By Charlene Muhammad CHARLENEM
The Honorable Minister Louis Farrakhan issued a clarion call for 10,000 Fearless, men and women willing to help stop the bloodshed in their communities, and committed men, women and children have been organizing and mobilizing to make his word bond. The number hasn’t been reached yet but efforts are underway to reach that important goal–and revitalize Black neighborhoods.
Participants are from different educational and socio-economic backgrounds and religious faiths. Muslim and Christian alike, these peacemakers responded to Min.
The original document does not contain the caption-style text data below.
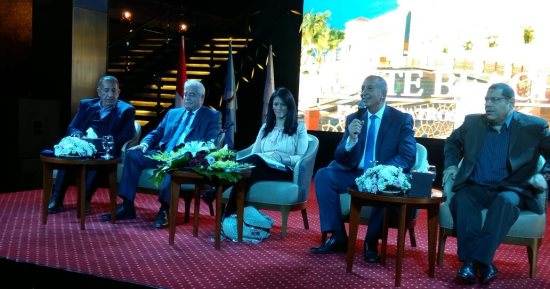 وزيرة السياحة: تشكل لجان نوعية لحصر مشاكل القطاع وإيجاد حلول لها
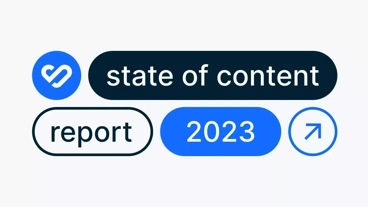 Stato dei Contenuti ‘23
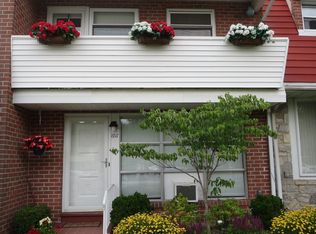 1817 Liberty Ave, Reading, PA 19607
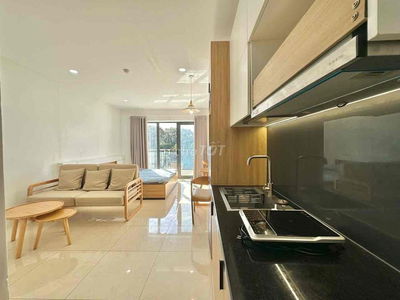 ✨ Studio Nguyễn Ngọc Phương – gọn gàng, xinh xắn, tiện nghi đủ đầy! ✨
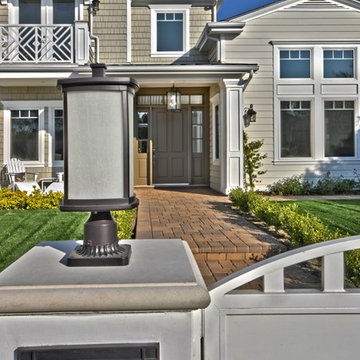 Tara 6-Light Pendant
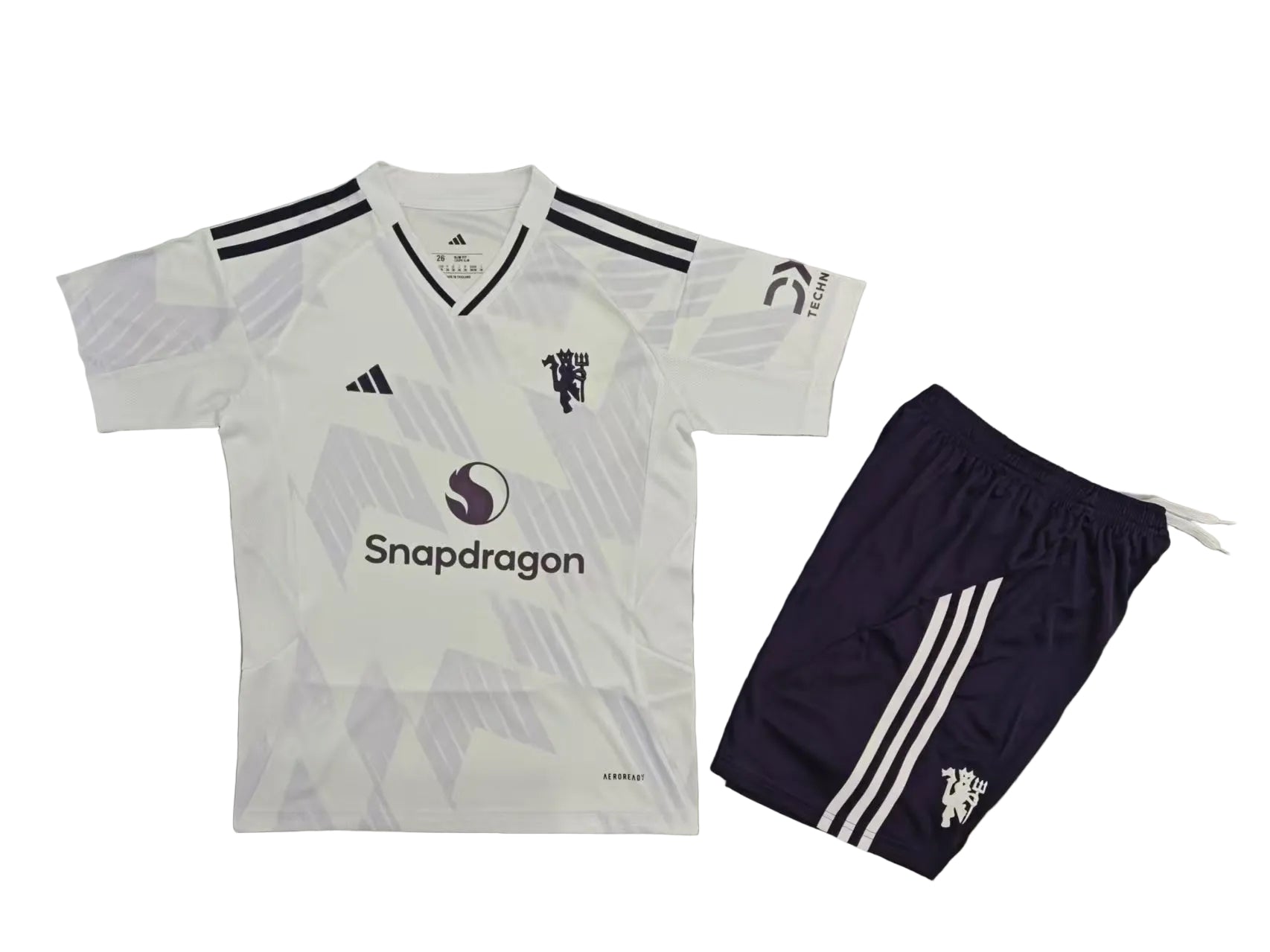 Manchester United Away
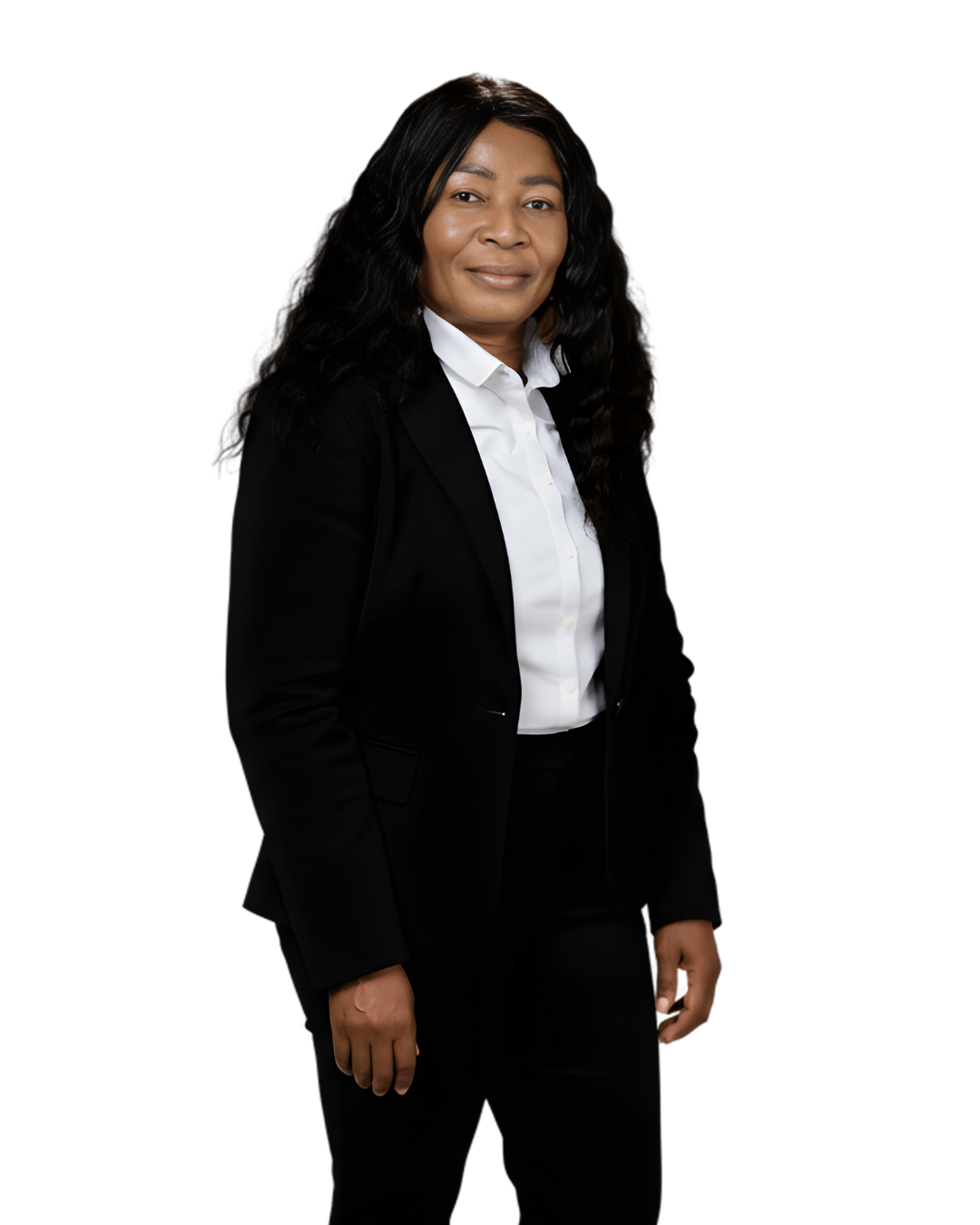 Catherine (Kate) Eseonu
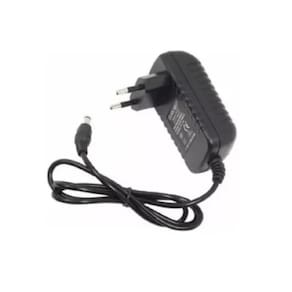 Transformador de adaptador DC 12V 3A de entrada 100-240VAC 50/60Hz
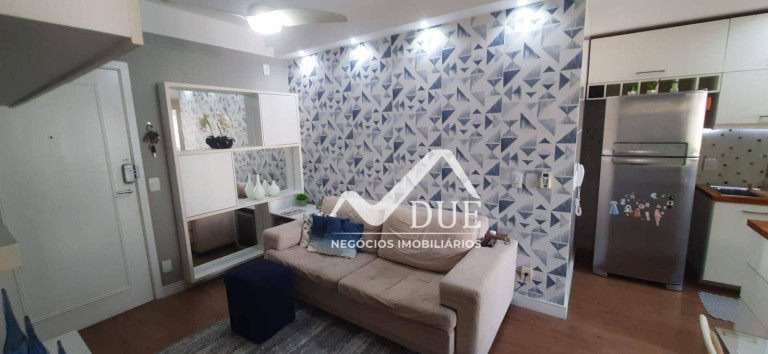 Imagem Apartamento com 2 Quartos à Venda, 64 m² em Marapé - Santos Imagem Apartamento com 2 Quartos à Venda, 64 m² em Marapé - Santos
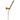Delta Urban - Grail Premium Single-Setting Adjustable Wall Mount Hand Shower 55085-CZ Champagne Bronze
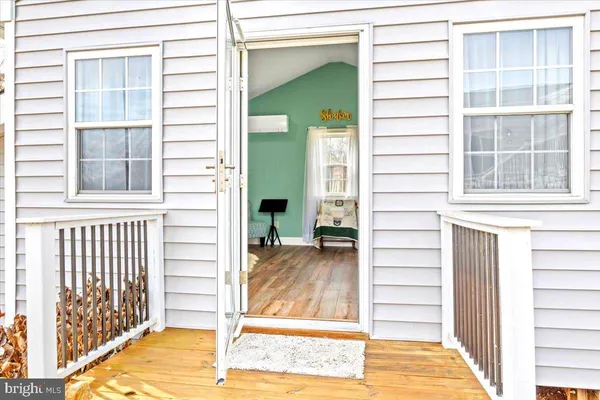 $475,000 | 65 Chestnut Rail Lane, Madison, VA 22727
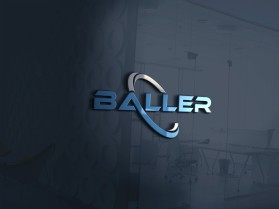 Baller  entry by Design Rock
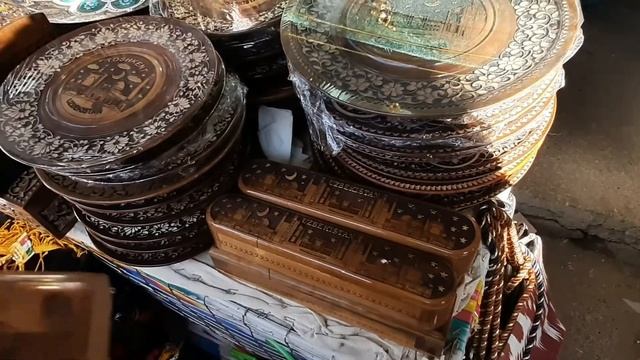 Uzbekistan Tashkent Chorsu Bazaar Souvenirs and SAMARKAND Registan Узбекистан Ташкент Чорсу Базар смотреть онлайн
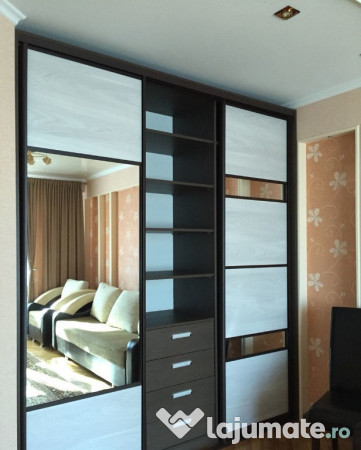 2 camere zona Armeneasca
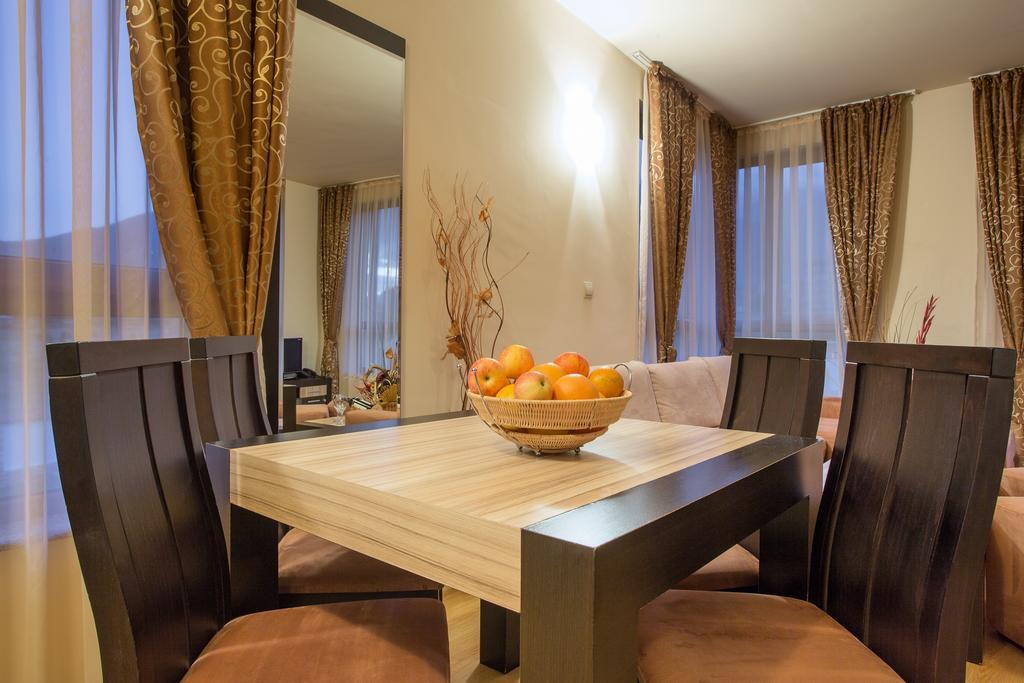 Green Wood Hotel & Spa Bansko Exterior foto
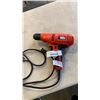 Image 2 : BLACK AND DECKER 3/8 INCH ELECTRIC DRILL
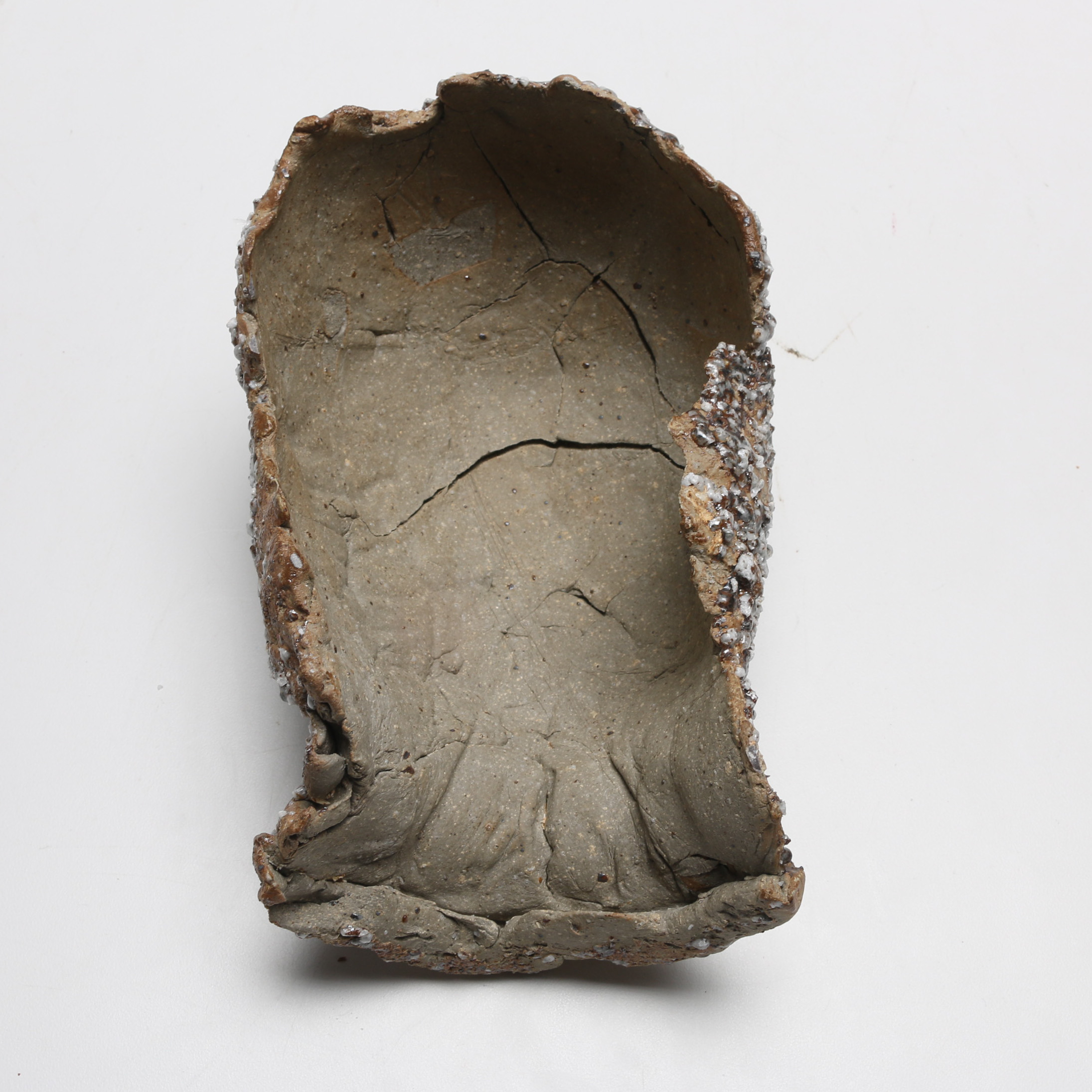 Donald S. WIlson Mixed Media Masks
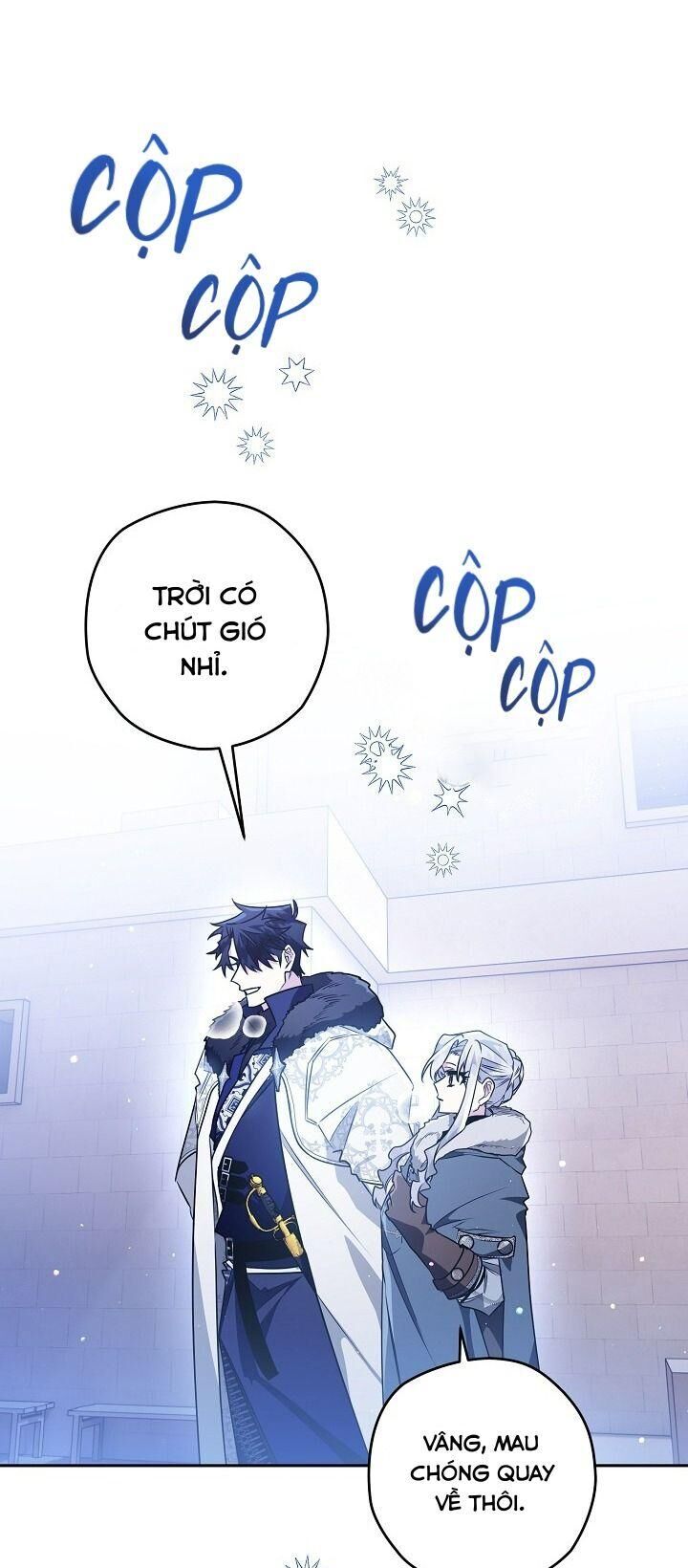 Sigrid Chapter 44 - Trang 47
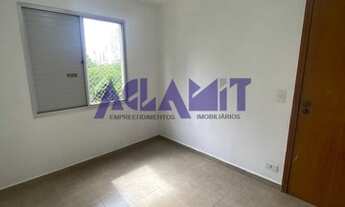 Imagem 2: APARTAMENTO COM 2 DORMITÓRIOS NO TATUAPÉ!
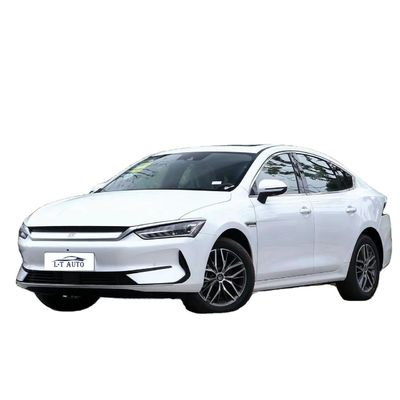 BYD 송 플러스 DM-i 110KM 세단 전기 SUV 리?? 철화강 배터리
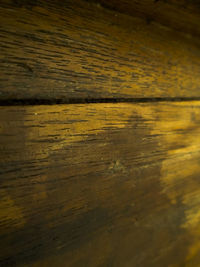 Full frame shot of hardwood floor
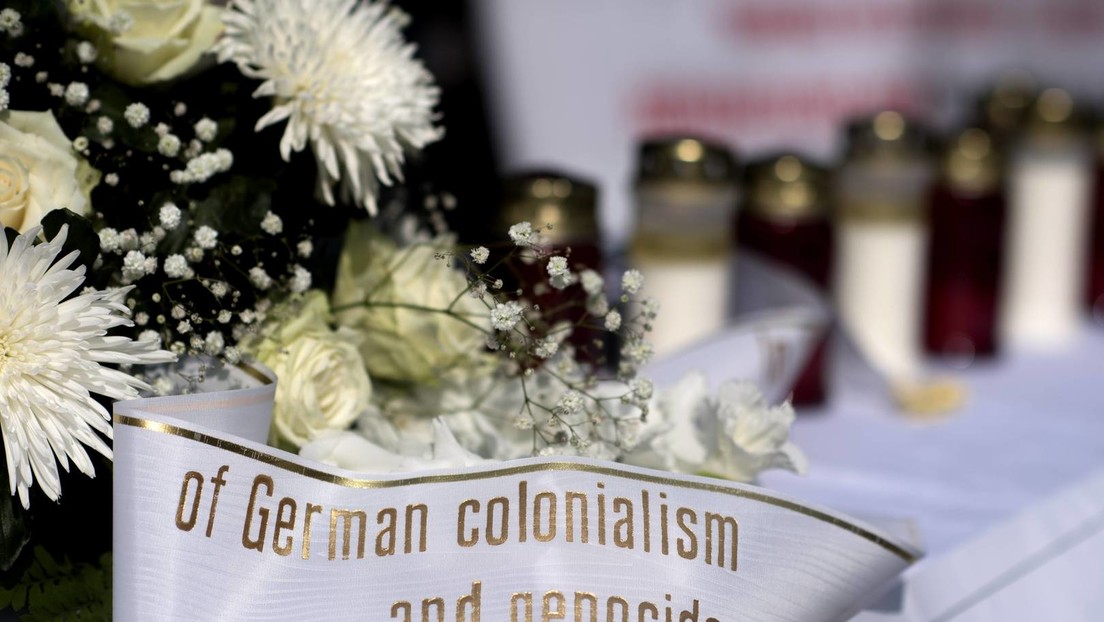 Aufarbeitung deutscher Kolonialzeit: Aussöhnungsabkommen zwischen Deutschland und Namibia
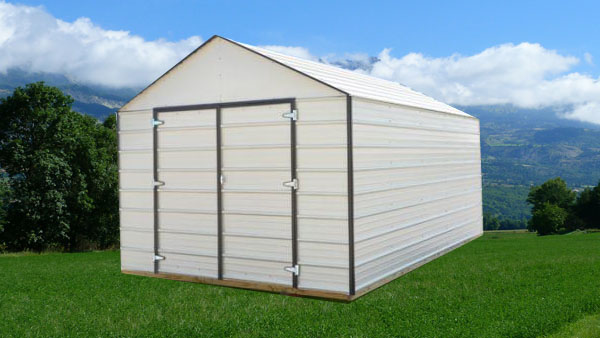 Best Value Shed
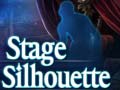 Spill Stage Silhouette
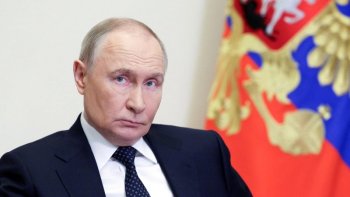 Amenințarea transmisă de Vladimir Putin înainte de întâlnirea cu trimișii lui Trump: „Dacă Europa vrea brusc să se (…)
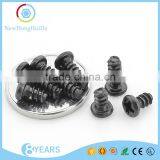 Carton Steel Pan Head Self Tapping Cut Thread Screw thumbnail-5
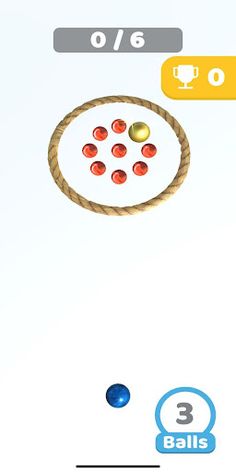 Marbles - Screenshot 3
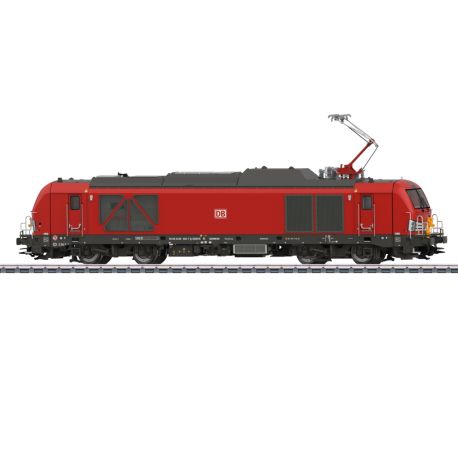 Märklin 39290 - H0 Zweikraftlokomotive Baureihe 249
Farrakhan’s call, which he made during and prior to Justice Or Else!, the October 10, 2015 commemoration of the 20th anniversary of the Million Man March in Washington, D.C.
“Ten-thousand fearless men and women: That seems like a small number to do a big job, but Elijah Muhammad in The Theology of Time Lecture Series talked about how when God made Himself up, there were ‘10,000 Parts’ that became 1,” said the Minister at a special meeting convened the day after the successful gathering.
“There was a song–‘Stout-Hearted Men’–that used to be sung when I was in show business; it goes like this: ‘Give me some men, who are stout-hearted men, who will fight for the right they adore. Start me with 10 who are stouthearted men, and I’ll soon give you 10,000 more. Shoulder to shoulder, bolder and bolder, they march as they go toward the fore.’ See, when you have that kind of strength, God is Present,” he said.
“There isn’t anything that you want that you cannot achieve. We have to get that number,” the Minister added.Min. Farrakhan had asked for well-trained men and women to stand between Blacks aiming guns at each other in their neighborhoods during organizing for Justice Or Else!. According to the Violence Policy Center, nearly 85 percent of Black homicide victims are killed with guns.
In a report earlier this year, “Black Homicide Victimization in the United States: An Analysis of 2013 Homicide Data,” the center indicated the Black homicide victimization rate was four times the national rate, and nearly seven times the rate for Whites.
Some 33 cities have launched 10,000 Fearless conflict resolution centers, according to Student Minister Abdul Sharrieff Muhammad, Southern region representative of Min. Farrakhan and the Nation of Islam.
He has been touring the U.S., helping to establish the centers.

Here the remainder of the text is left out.